In my previous article, I discussed whether it was better to reinvest your dividends directly with a company or if you should pocket the cash for your own purposes. The results were a mixed bag and no definitive statements were made. One of the comments inquired about reinvesting at the 52 week low vs. the 52 week high. The commenter was thinking along the lines of trying to time when you would want to reinvest. This article takes that idea one step further and looks at the results of reinvesting based on the current yield of the stock at the time of the ex-dividend date. The current dividend yield is defined as the dividend amount annualized (times 4 for quarterly payers or 12 for monthly) divided by the current stock price.

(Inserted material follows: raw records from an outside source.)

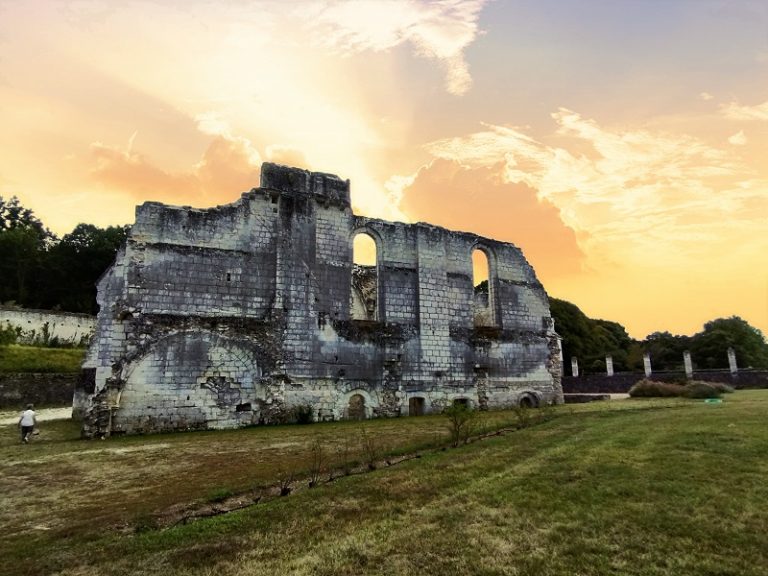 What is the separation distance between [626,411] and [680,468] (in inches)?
369

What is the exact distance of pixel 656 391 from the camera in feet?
71.9

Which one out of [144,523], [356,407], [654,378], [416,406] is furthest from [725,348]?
[144,523]

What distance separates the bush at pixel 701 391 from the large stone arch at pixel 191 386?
17890 mm

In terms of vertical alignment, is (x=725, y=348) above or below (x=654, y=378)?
above

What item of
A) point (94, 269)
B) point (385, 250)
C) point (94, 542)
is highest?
point (94, 269)

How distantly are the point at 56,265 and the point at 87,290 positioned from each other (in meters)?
3.31

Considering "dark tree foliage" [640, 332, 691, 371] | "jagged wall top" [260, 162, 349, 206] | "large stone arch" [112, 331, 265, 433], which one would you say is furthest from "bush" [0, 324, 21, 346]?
"dark tree foliage" [640, 332, 691, 371]

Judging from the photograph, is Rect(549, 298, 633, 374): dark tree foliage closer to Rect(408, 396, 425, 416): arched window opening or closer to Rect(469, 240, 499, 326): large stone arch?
Rect(469, 240, 499, 326): large stone arch

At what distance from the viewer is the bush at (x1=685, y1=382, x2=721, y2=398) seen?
1991cm

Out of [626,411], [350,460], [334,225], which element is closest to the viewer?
[350,460]

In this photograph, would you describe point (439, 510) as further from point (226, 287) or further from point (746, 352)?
point (746, 352)

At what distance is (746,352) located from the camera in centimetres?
4594

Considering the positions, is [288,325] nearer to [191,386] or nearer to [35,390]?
[191,386]

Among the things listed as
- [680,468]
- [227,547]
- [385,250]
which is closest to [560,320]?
[385,250] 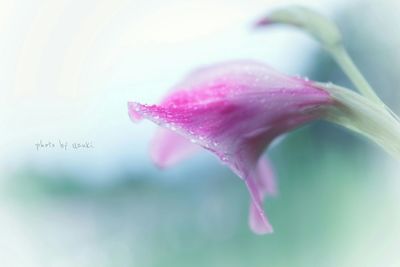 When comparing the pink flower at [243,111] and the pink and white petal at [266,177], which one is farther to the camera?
the pink and white petal at [266,177]

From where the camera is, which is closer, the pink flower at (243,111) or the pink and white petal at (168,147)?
the pink flower at (243,111)

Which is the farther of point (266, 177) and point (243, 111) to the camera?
point (266, 177)

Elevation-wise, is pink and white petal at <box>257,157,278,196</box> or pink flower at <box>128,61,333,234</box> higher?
pink flower at <box>128,61,333,234</box>

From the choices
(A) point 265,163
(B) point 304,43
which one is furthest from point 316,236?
(A) point 265,163

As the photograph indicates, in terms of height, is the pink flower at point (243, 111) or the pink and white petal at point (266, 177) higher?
the pink flower at point (243, 111)

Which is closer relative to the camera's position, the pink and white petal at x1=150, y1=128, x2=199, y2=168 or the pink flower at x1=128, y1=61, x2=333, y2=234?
the pink flower at x1=128, y1=61, x2=333, y2=234
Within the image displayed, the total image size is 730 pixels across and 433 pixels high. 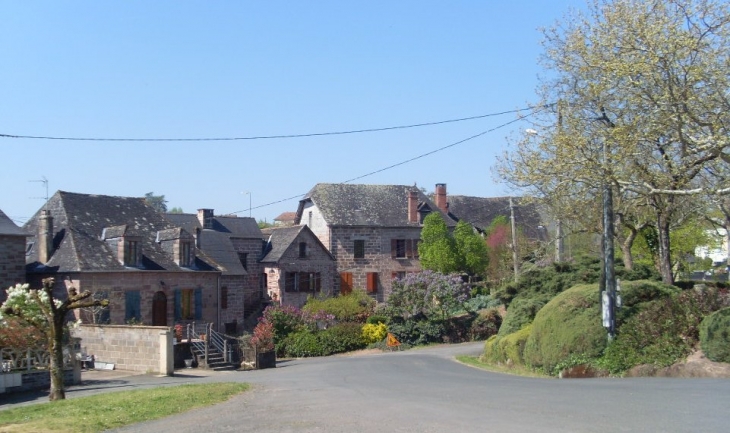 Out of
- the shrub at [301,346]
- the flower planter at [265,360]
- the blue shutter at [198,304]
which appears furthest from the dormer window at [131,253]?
the flower planter at [265,360]

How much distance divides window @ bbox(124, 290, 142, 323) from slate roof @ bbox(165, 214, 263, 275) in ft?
19.0

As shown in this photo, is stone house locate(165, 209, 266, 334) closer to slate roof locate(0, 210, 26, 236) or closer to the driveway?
slate roof locate(0, 210, 26, 236)

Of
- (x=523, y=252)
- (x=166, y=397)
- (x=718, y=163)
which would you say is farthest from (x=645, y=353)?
(x=523, y=252)

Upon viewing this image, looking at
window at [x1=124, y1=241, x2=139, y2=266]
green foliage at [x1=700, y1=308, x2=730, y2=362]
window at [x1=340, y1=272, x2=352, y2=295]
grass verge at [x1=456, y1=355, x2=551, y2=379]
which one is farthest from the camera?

The companies to be examined for this article will be the same list as before - American Capital (ACAS), Apollo Investments (AINV), Ares Capital Corp (ARCC), Blackrock Kelso Capital Corp (BKCC), Kohlberg Capital (KCAP), Main Street Capital Corporation (MAIN), PennantPark (PNNT), Prospect Capital (PSEC), Solar Capital (SLRC) and Triangle Capital Corp (TCAP).
- Take the list of stocks as before and make the "reinvestment" decision a variable based on the yield. If the current dividend yield of the stock is greater than or equal to a yield limit, then reinvest that dividend. If the current yield is below a threshold, pocket the dividend.
- Run each of the stocks for the same intervals as the previous study (Inception, 5 Years and 2 Years) with a threshold that ranges from a 1% dividend yield up to a 20% dividend yield.
- The time period runs from the interval date until 8/29/2011 inclusive.
- For each interval, pull out the dividend yield threshold that resulted in the highest return. The resulting chart is displayed below:
As you can see, adding in the decision option produced superior returns for all dividend paying stocks than the previous yes/no reinvestment study. The average return increased by an amount of 22%. As an example, KCAP had a -28% return with reinvestment in the first study. By running through the different yields, the loss is reduced to -18% when dividends were only reinvested at a 10% or greater yield (for ACAS the result was unchanged as the stock has not been paying regular dividends since 2008). The best yield since inception to base your reinvestment decision on was 9% and for the past 2 years, 10% was the optimal yield. There are three outliers to this rule: MAIN, PNNT and TCAP who have managed to provide compound returns to investors as long as they are paying a dividend.
Disclosure: I am long AINV, ARCC, PSEC, TCAP.